MATERIAL SUPPLIED:
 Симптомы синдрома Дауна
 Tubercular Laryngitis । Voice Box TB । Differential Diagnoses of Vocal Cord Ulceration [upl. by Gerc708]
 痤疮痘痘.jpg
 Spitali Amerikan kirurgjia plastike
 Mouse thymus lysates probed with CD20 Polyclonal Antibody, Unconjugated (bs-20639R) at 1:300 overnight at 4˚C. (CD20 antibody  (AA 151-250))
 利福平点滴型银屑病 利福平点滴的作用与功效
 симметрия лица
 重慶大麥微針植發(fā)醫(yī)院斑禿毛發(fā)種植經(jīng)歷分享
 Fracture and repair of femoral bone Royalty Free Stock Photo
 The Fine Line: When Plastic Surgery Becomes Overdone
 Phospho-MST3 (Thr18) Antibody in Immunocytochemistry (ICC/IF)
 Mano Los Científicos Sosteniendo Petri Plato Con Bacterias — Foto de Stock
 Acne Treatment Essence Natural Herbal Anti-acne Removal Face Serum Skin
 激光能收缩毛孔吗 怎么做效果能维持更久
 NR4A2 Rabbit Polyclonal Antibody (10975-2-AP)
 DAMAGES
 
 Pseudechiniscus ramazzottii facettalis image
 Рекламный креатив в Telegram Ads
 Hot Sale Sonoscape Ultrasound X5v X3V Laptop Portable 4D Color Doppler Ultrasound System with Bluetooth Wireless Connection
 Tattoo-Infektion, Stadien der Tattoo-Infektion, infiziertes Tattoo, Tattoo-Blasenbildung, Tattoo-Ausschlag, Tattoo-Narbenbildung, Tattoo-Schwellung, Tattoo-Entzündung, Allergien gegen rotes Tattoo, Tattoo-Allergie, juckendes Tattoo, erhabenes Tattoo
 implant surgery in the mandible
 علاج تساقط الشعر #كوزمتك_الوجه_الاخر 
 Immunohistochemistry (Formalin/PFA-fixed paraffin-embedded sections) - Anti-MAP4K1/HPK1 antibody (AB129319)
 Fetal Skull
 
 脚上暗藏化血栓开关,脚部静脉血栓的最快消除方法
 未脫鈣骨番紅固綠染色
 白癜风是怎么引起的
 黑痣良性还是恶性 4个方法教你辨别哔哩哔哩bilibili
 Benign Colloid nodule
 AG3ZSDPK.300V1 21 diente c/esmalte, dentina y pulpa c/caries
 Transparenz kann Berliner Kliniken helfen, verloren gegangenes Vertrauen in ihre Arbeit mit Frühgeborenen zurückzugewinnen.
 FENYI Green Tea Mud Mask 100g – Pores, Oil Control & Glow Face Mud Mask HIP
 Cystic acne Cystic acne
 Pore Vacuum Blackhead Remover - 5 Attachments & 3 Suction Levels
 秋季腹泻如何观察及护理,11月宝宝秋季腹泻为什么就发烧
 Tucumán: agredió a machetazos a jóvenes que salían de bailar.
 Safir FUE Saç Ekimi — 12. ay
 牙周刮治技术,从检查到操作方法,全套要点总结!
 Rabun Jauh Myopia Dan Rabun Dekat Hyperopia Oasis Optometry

YOUR TASK: Reproduce each line above that contains "acne".

EXERCISE SOLUTION:
 Acne Treatment Essence Natural Herbal Anti-acne Removal Face Serum Skin
 Cystic acne Cystic acne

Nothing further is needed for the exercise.